Have you ever started answering a question and found yourself wandering, exploring interesting, but tangential issues, or concepts you didn't fully understand? That's what happened to me here. Perhaps some of the ideas might prove useful in other settings, if not for the problem at hand.
For readability, we might define some helpers in the class String, but to avoid contamination, I'll use Refinements.     
Code
module StringHelpers
  refine String do
    def count_words
      remove_punctuation.split.count { |w|
        !(w.is_number? || w.size == 1 || w.is_email_address?) }
    end
    def remove_punctuation
      gsub(/[.!?,;:)](?:\s|$)|(?:^|\s)\(|\-|\n/,' ')
    end
    def is_number?
      self =~ /\A-?\d+(?:\.\d+)?\z/
    end
    def is_email_address?
      include?('@') # for testing only
    end
  end
end
module CountWords
   using StringHelpers
   def self.count_words_in_file(fname)
     IO.foreach(fname).reduce(0) { |t,l| t+l.count_words }
   end
end
Note that using must be in a module (possibly a class). It does not work in main, presumably because that would make the methods available in the class self.class #=> Object, which would defeat the purpose of Refinements. (Readers: please correct me if I'm wrong about the reason using must be in a module.)
Example
Let's first informally check that the helpers are working correctly:
module CheckHelpers
  using StringHelpers
  s = "You can reach my dog, a 10-year-old golden, at fido@dogs.org."

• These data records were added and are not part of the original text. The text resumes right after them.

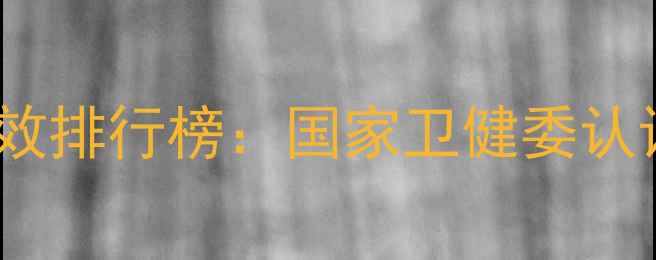 酵素海藻冻10大养生功效排行榜国家卫健委认证的天然排毒圣品推荐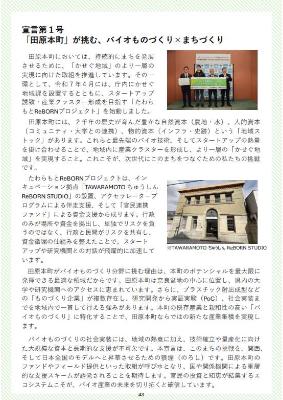 町長コラム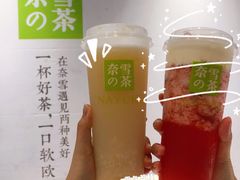 -奈雪的茶(苏宁广场店)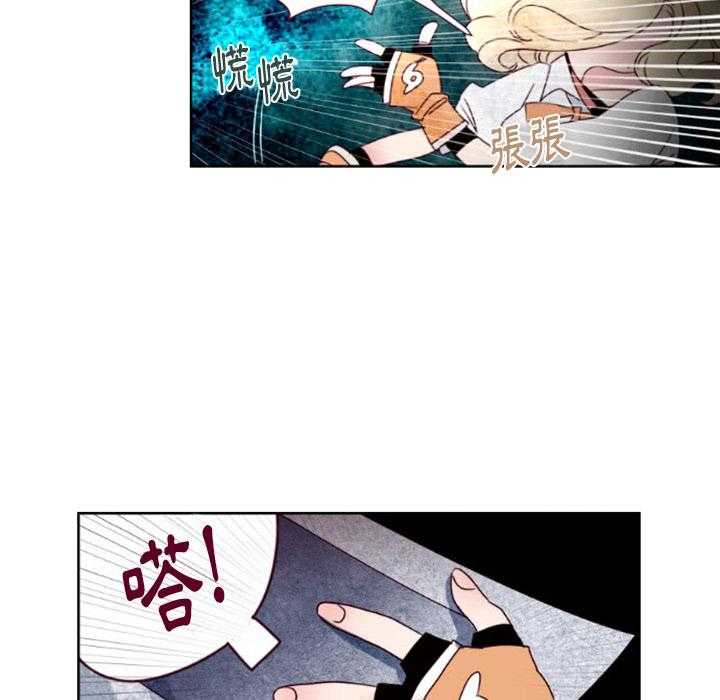 《奥兹》漫画最新章节第1话 1免费下拉式在线观看章节第【41】张图片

  p s = s.remove_punctuation
    #=> "You can reach my dog a 10 year old golden at fido@dogs.org."
  p words = s.split
    #=> ["You", "can", "reach", "my", "dog", "a", "10",
    #    "year", "old", "golden", "at", "fido@dogs.org."]
  p '123'.is_number?  #=> 0
  p '-123'.is_number? #=> 0
  p '1.23'.is_number? #=> 0
  p '123.'.is_number? #=> nil
  p "fido@dogs.org".is_email_address?    #=> true
  p "fido(at)dogs.org".is_email_address? #=> false 
  p s.count_words     #=> 9 (`'a'`, `'10'` and "fido@dogs.org" excluded)
  s = "My cat, who has 4 lives remaining, is at abbie(at)felines.org."
  p s = s.remove_punctuation
  p s.count_words
end
All looks OK. Next, put I'll put some text in a file:
FName = "pets"
text =<<_
My cat, who has 4 lives remaining, is at abbie(at)felines.org.
You can reach my dog, a 10-year-old golden, at fido@dogs.org.
_
File.write(FName, text)
  #=> 125
and confirm the file contents:
File.read(FName)
  #=> "My cat, who has 4 lives remaining, is at  abbie(at)felines.org.\n
  #   You can reach my dog, a 10-year-old golden, at fido@dogs.org.\n" 
Now, count the words:
CountWords.count_words_in_file(FName)
  #=> 18 (9 in ech line)
Note that there is at least one problem with the removal of punctuation. It has to do with the hyphen. Any idea what that might be?